Friday, November 03, 2006


Redding novelist sics a PI on monkey business at the Albuquerque Zoo

By DAN BARNETT

Steve Brewer may live with his family in Redding, and give readings from his novels in the Bay Area, but he left his heart in Albuquerque. Not to worry, though; private investigator Bubba Mabry is on the job in that fair city and reports back in a series of novels that are easily digested and self-deprecatingly funny.

Publishers Weekly says "Monkey Man" ($24 in hardcover from Intrigue Press) is something like the seventh Bubba Mabry mystery. This was my first, so I'm sure I've missed the nuances (like a reference to the power of patronage in Albuquerque), but it's great fun nonetheless. Mabry has a Southern heritage but runs Bubba Mabry Investigations out of his home near the University of New Mexico. His office is, shall we say, a little unkempt, so he meets clients, like slip-and-fall attorney Marvin Pidgeon, somewhere else. Mabry favors restaurants with pastries.

It's not exactly the good life now that he had married Albuquerque Gazette reporter Felicia Quattlebaum, but better than his past existence. "For years," he tells readers, "I lived in one of the cheap neon-lit motels that dot East Central -- Old Route 66 -- before Felicia came along and made me act respectable." Felicia is a firebrand, always on the lookout for a good story, always prepared to "comfort the afflicted and afflict the comfortable." And when Mabry becomes the center of attention after a very public murder in broad daylight, his wife chews him up one side and down the other for not giving her the scoop. She's one salty reporter.

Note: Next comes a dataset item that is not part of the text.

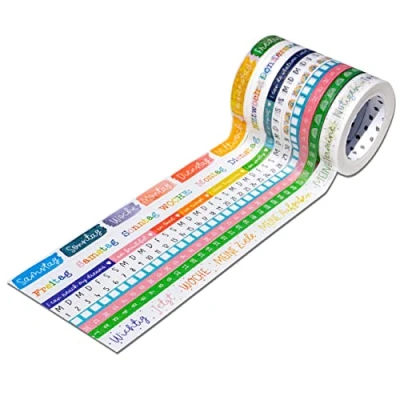 Afbeelding van Papierdrachen 9 Washi tapes voor je bullet journal, handbelettering, weekdagen eenvoudig opplakken, to do doe het zelf, weekplanning, taken, ideaal beginners en professionals, aquarel, set 6
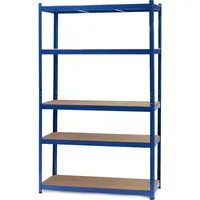 Wiltec Schwerlastregal 120x50x204cm, 200kg/Ebene, Steckregal blau, Lastenregal mit 5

Jeff Simmons, a bean counter at the Zoo In Albuquerque (ZIA), had arranged a meeting with Mabry at one of the Flying Squirrel eateries in town to tell the PI of some alleged monkey business. Animals at the zoo seemed to be dying off at a suspiciously high rate, but before Mabry could get the details someone in a monkey suit sauntered into the restaurant, walked over to Mabry's table, and shot Jeff Simmons dead. The monkey man gets away, leaving only the ape suit behind.

Mabry wants to wash his hands of the whole mess. Maybe let his friend, police Lt. Steve Romero, handle matters. Romero is a cop's cop, smart and tough, and why wouldn't he be named "Steve"? But Romero is constantly annoyed at Mabry, who just won't go home and let the cops do their work. Especially not after Mabry is retained by Simmons' fiance, Loretta Gonzales, Simmons' co-worker at the zoo, whose father is the founder of ArGon Foods (read "money"). She gives him a check for a couple of grand to get the investigation going. Mabry is hooked.

The reader will be, too. Brewer introduces a group of oddball zookeepers, like a curator of mammals named "Gibbons" and a zoo representative named Jim Johansen, "a handsome, tanned guy who decked himself out in safari garb. He regularly appeared on local television shows, talking up exhibits, bringing live parrots and snakes and baby crocodiles from the zoo, sometimes scaring the toupees right off the news anchors." Before he knows it, Mabry is knee-deep in monkey, uh, stuff, and he hates monkeys. There are twists and turns along the way, not least in the animal cages, and lots and lots of doorbell ringing, complication and confusion but in the end Bubba figures some things out in spite of himself.

And we readers wouldn't have it any other way.